Segment Start: DATA FOR ANALYSIS
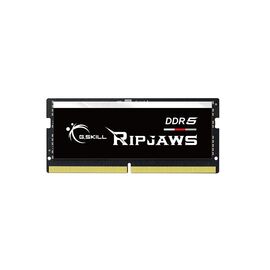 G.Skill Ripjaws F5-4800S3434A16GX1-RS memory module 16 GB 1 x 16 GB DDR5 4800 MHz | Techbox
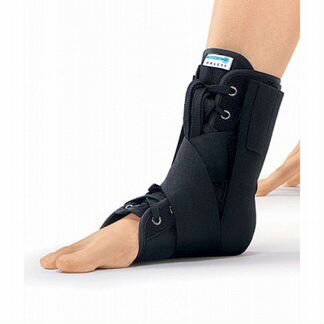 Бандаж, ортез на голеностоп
Segment End: DATA FOR ANALYSIS
Segment Start: DATA FOR ANALYSIS
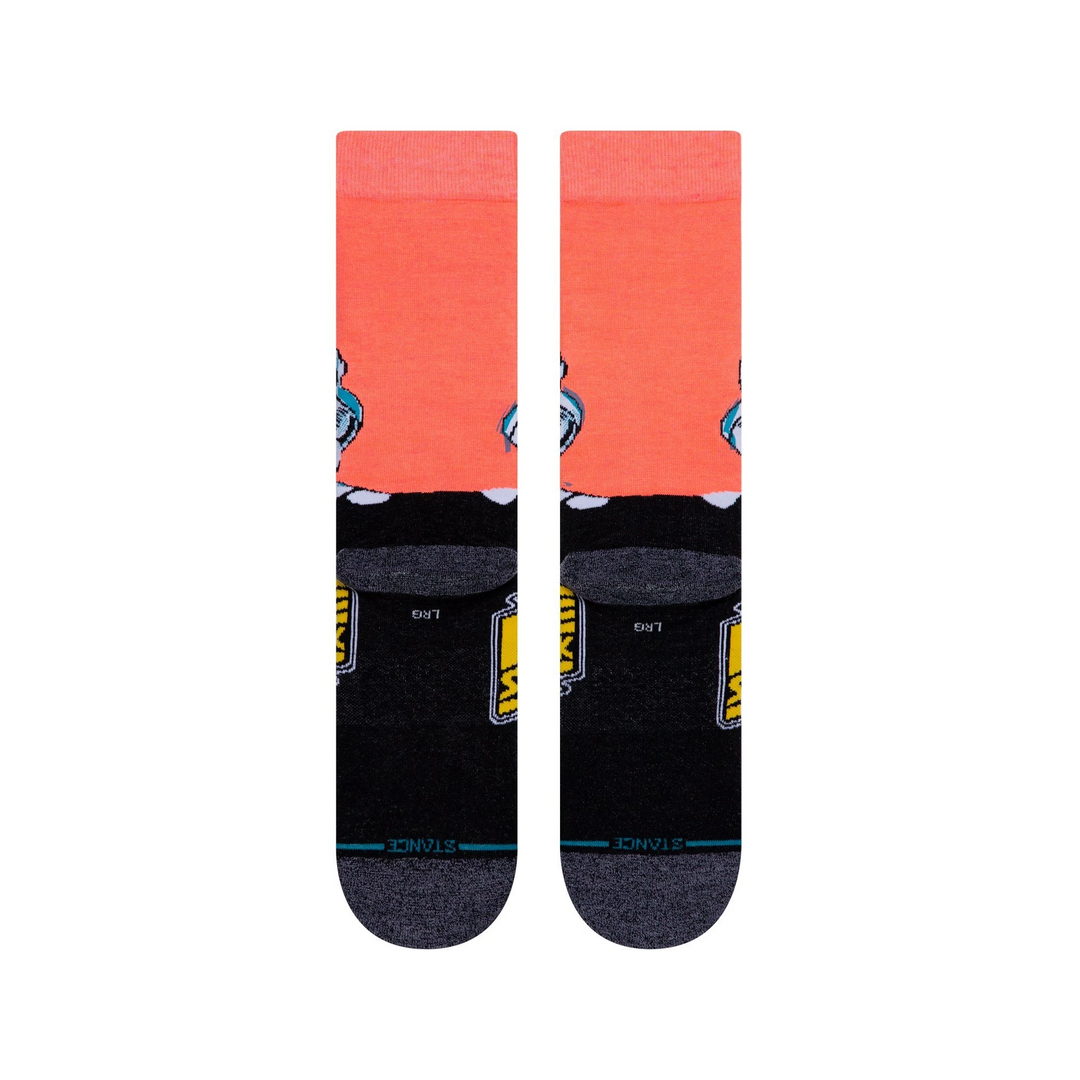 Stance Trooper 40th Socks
Segment End: DATA FOR ANALYSIS
> **WHAT THE TASK REQUIRES**: Excerpt from the records above: set down only the lines from the one that contains "G.Skill Ripjaws F5-4800S3434A16GX1-RS" through the one that contains "Бандаж, ортез на голеностоп", inclusive, word for word. Pictures stay out.

> **EXERCISE RESULT**:
 G.Skill Ripjaws F5-4800S3434A16GX1-RS memory module 16 GB 1 x 16 GB DDR5 4800 MHz | Techbox
 Бандаж, ортез на голеностоп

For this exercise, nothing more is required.